Breakthrough Brings Star Trek Transporter Closer 503
japerr writes to mention The Independant is reporting that a new breakthrough may bring scientists one step closer to a Star Trek style transporter. " A team of physicists has teleported data over a distance of 89 miles from the Canary Island of La Palma to the neighbouring island of Tenerife, which is 10 times further than the previous attempt at teleportation through free space. The scientists did it by exploiting the "spooky" and virtually unfathomable field of quantum entanglement - when the state of matter rather than matter itself is sent from one place to another. Tiny packets or particles of light, photons, were used to teleport information between telescopes on the two islands. The photons did it by quantum entanglement and scientists hope it will form the basis of a way of sending encrypted data."
Teleport? (Score:5, Insightful)
Accurate headline? (Score:5, Insightful)
Call me dumb... (Score:5, Insightful)
We can already transport data through space without using quantum entanglement at all -- it's called radio.
IndependEnt! (Score:2, Insightful)
Ugh... it's "The Independent". Now we can't even copy the names of publications correctly without misspelling them, even when there is a giant logo with the correct spelling right in front of us and numerous other text versions on the page? It's called highlight/ctrl-c, people!
The whole ent/ant thing is there/their/they're for this decade, and obviously a pet peeve of mine. Get it through your heads; there's no such thing as an "independant". An independent is not something you wear around your neck.
Anyway, to get back on-topic, is it just me or the idea of teleporting "data" 89 miles not very impressive? I realize it's probably poor wording, but I'm sure once I click the "submit" button here, this data's going to be instantly "teleported" all over the world!
Re:Call me dumb... (Score:3, Insightful)
It seems like every couple weeks, someone else writes an article or reads on article on this sort of teleportation and posts it all over the Internet. "Omigawd, we are SOOOO close to having Star Trek transporters!!!"
And then everyone has to explain, "No, we really aren't." This really doesn't bring us any closer to being able to break material objects down to nothing (effectively) and simultaneously rebuild them perfectly at a far-away location.
Could we all just stop this now? This article doesn't have any significant depth or any clear/new information. Quantum entanglement has been know for a while, but (and I am not a physicist, but AFAIK) there's never been any way to use it to transmit data in a way that breaks the speed of light. That would be a discovery, but it still wouldn't be moving actual matter across distances. It wouldn't be deconstructing atoms, molecules, or whole organisms on one side and rebuilding them on the other. So please, no more stores about how "Star Trek transporters are just around the corner!"

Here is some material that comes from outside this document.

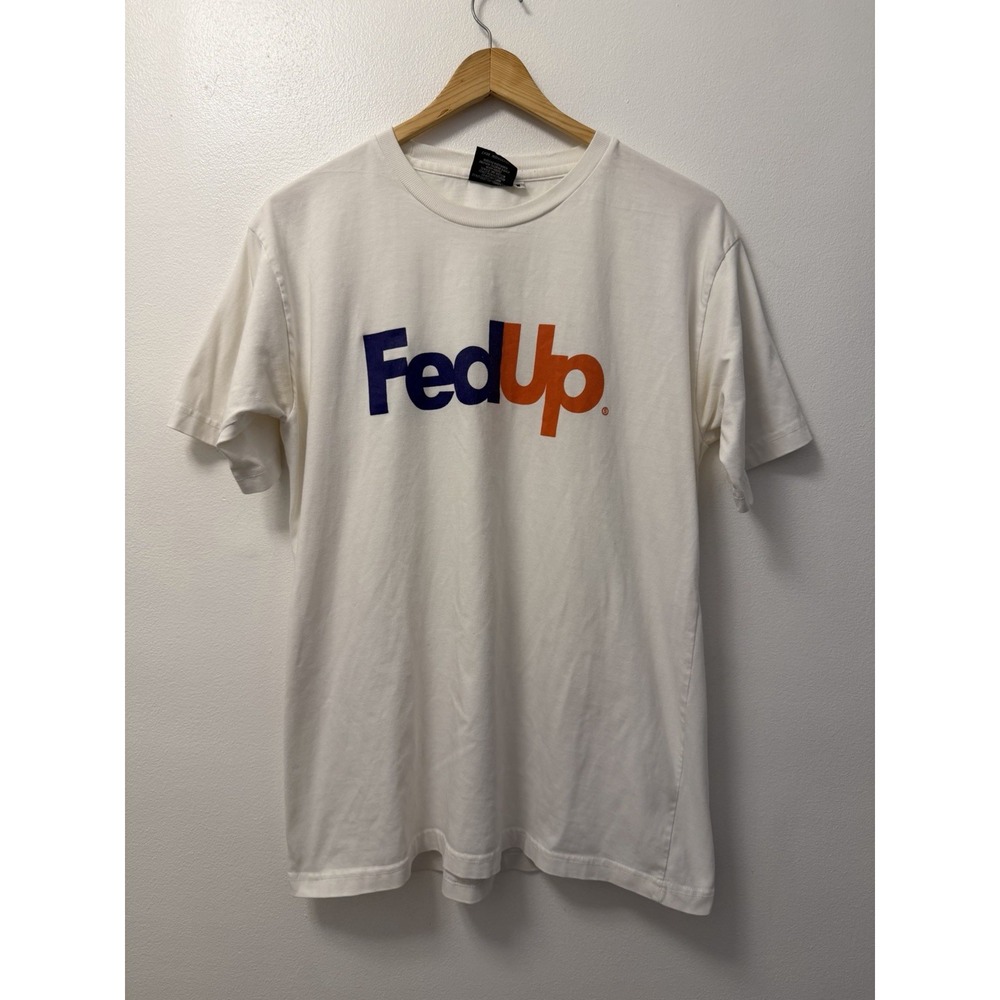 Vintage 90s Spoofs Limited FedUp White Short Sleeve T-Shirt Adult Medium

Re:Call me dumb... (Score:5, Insightful)
Thanks, but no thanks.
Proof:
Scan yourself down to the most fundamental level (regardless of what that is), and build an exact duplicate without destroying the original. Press the start button on the duplicate, assuming instantaneous duplication and starting. Since the original's consciousness has maintained continuity in the original, even if the duplicate is an exact copy of the original's state, it cannot be continuous with the original's state because the duplicate exists at a different location and time. (I considered using "space-time locus", but it's difficult enough talking about this without resort to high-falutin' words :)

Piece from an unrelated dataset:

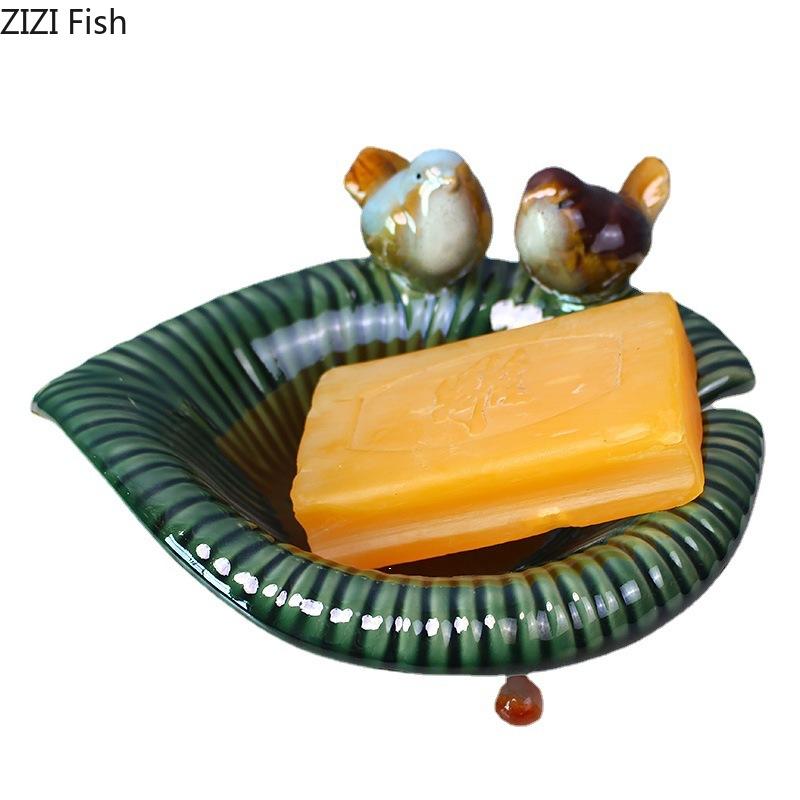 Green Leaf Ceramic Fruit Plate Painted Birds Decorative Trays Snacks Nuts Plate Dinner Table Fruits Bowl Candy Storage Tray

Therefore, the "you" that existed prior to duplication is the "you" of the original, and not the "you" of the duplicate. "You" suddenly don't perceive two different realities, one from the POV of the original, and one from the POV of the duplicate.
The conclusion is that if someone destroyes the original, "you" die. Really die. The duplicate may have all your memories and skills, and will think it is the original, but it is not.

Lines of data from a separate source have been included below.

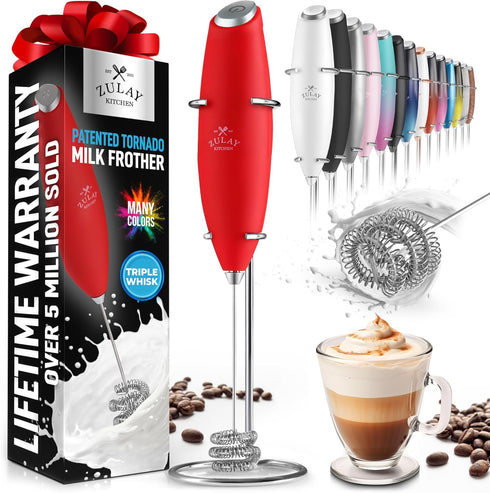 Zulay Kitchen Tornado Whisk Milk Frother Handheld - Coffee Frother Wand With Stand - Triple Whisk Hand Held Drink Mixer - Electric Stirrer Frothin...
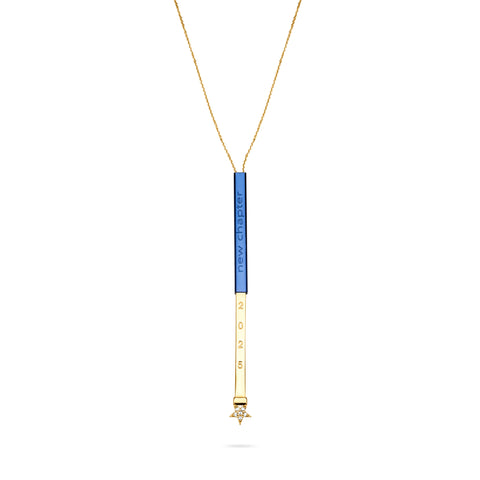 Blue Magic Wand 2025 necklace - Gold Plated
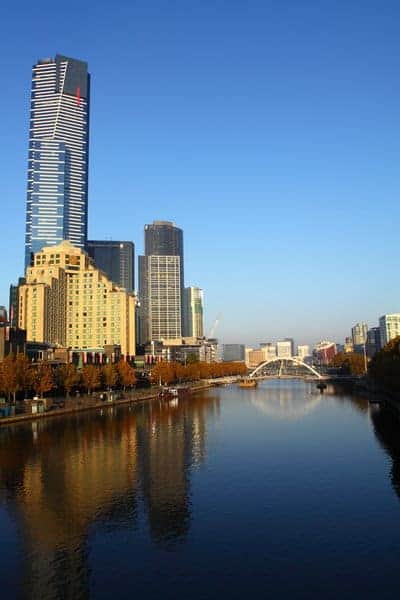 A serene view of Melbourne's skyline with the Yarra River in the foreground, reflecting the city's modern architecture under clear blue skies. This image relates to the blog's exploration of Melbourne's history, including where the name Melbourne originates.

Really, the only way teleportation (or brain-to-computer transference) could work is if each individual part (for some definition of "part") were duplicated, placed in sync with the original, and then the original part destroyed. Since consciousness consists of the whole and not the parts (assuming we're not going to invoke the supernatural), the consciousness remains continuous with only one instantiation at any one time.
I've given this some thought, since I hope to download in 2045 :)
--Rob
Re:Bad Summary (Score:5, Insightful)
Its all in the time travel... (Score:4, Insightful)
Secondly, as others have posted, it ain't gonna happen. Teleporting matter by breaking it down and reconstructing it on the other end ain't going to happen. There are so many holes in that approach that its not funny.
I read a couple of interesting magazine articles on teleportation, and the key to teleportation is really time travel. Teleportation would be sending someone on a time-ride, bending the space-time continuum, have them "arrive" at the exact physical destination but still in the same temporal location in which they left. That is the key. However, the big problem with this approach is that the matter being transported will still age the amount of time is took the "time ride" to occur. Still, any teleportation is a feat the will probably never be accomplished.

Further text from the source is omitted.